● **YOUR INSTRUCTIONS**
The result should be all the records, exact and complete, without a single picture.

------------------------------

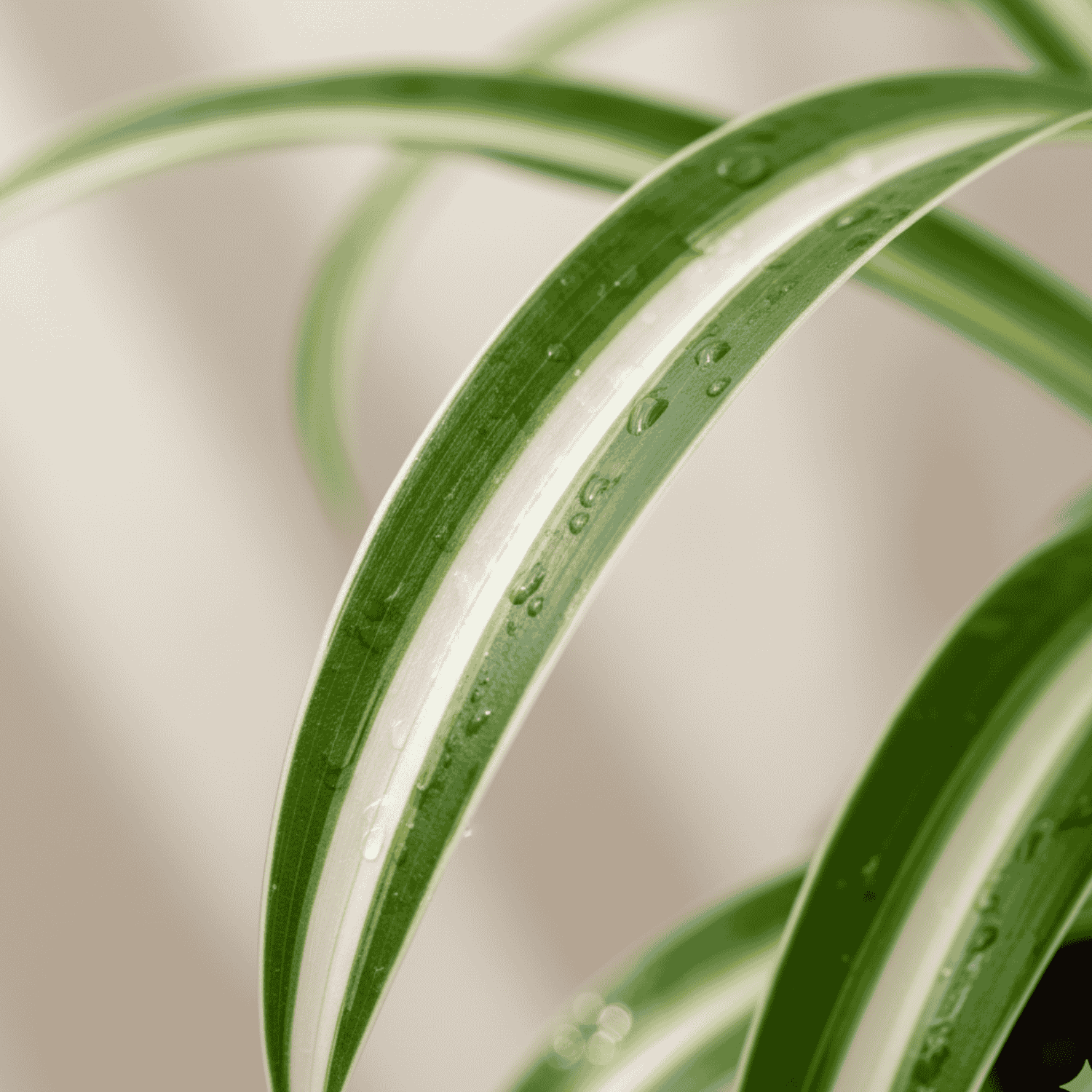 Spider Plant – Easy-Care Indoor Air-Purifying Green Plant - Image 3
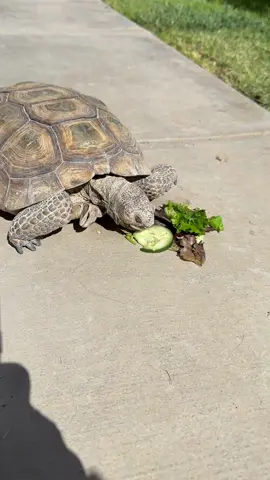 Bonnie enjoying some yummies #vegastortmom #turtlesoftiktok #cuteturtles #deserttortoise #rosie 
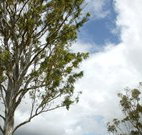 Glen Villa Resort and Tourist Park Casino - Accommodation Rockhampton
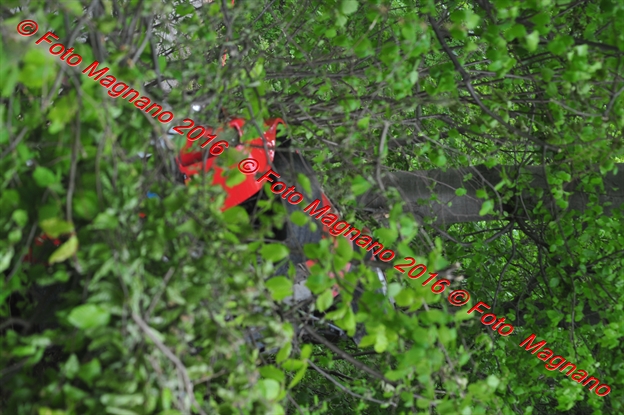 DSC_0954.JPG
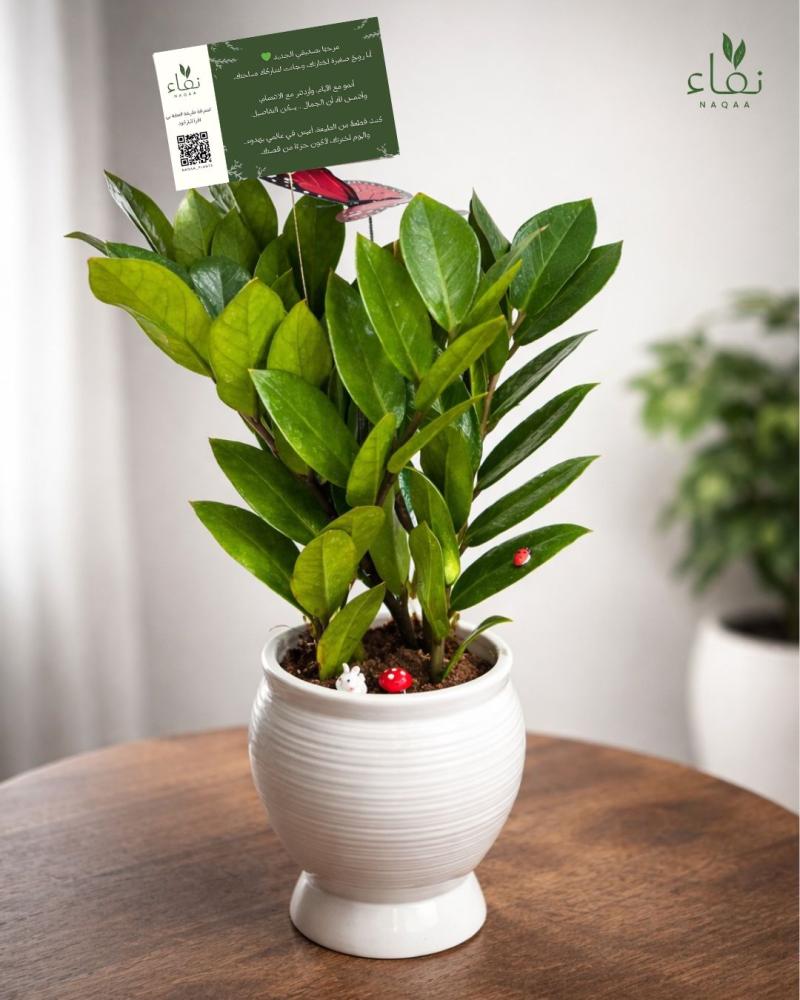 نبات الزاميا (ZZ Plant)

------------------------------

● **EXPECTED ANSWER**
 Spider Plant – Easy-Care Indoor Air-Purifying Green Plant - Image 3
 Bonnie enjoying some yummies #vegastortmom #turtlesoftiktok #cuteturtles #deserttortoise #rosie 
 Glen Villa Resort and Tourist Park Casino - Accommodation Rockhampton
 DSC_0954.JPG
 نبات الزاميا (ZZ Plant)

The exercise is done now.